Definition
Helicopters certificated under 14 CFR Part 29, which sets the highest airworthiness standards for rotorcraft. They are typically larger, multi-engine helicopters built to stricter design, performance, and safety requirements than smaller helicopters certificated under Part 27 (normal category). Transport category is further divided into Category A (multi-engine with engine isolation and one-engine-inoperative performance guarantees) and Category B (single-engine or multi-engine without full Category A performance protections).
Plain English
These are the larger, more capable helicopters certified to the strictest safety and performance standards. They are built so that, in many cases, they can keep flying safely even if one engine fails.
Context Anchor
Seen in FAA instrument procedure requirements when a rule applies differently to helicopters that are certified in the transport category.
Derivation
"Transport" here refers to a certification category for aircraft intended to carry people or cargo with the highest level of airworthiness assurance.

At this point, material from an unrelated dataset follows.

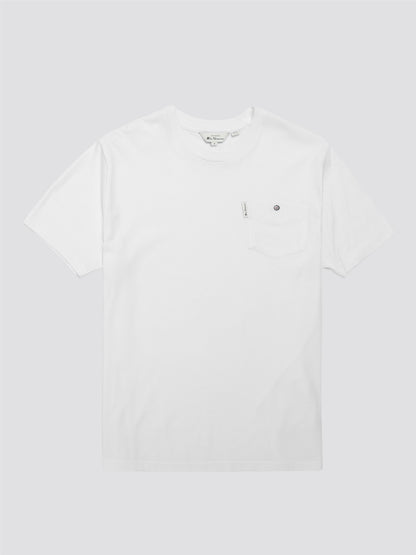 Ben Sherman - Signature T-Shirt with Chest Pocket - White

The same term is used for large airline-type airplanes certificated under Part 25. The label signals "built and tested to the toughest standards," not just "used for transportation."
Why Pilots Care
Determines which airworthiness standards, maintenance programs, and operational privileges apply to commercial helicopter flights.
Intuition Check
Do not read “transport category” as simply “a helicopter used for transportation.” Here, it means a specific FAA certification category with specific design and safety standards.
Example Sentence 1
Because the operator was flying a transport category helicopter, it qualified for the lower IFR takeoff minimums published for Category A operations.
Example Sentence 2
Operators of transport category helicopters must follow more rigorous inspection schedules than those flying normal category aircraft.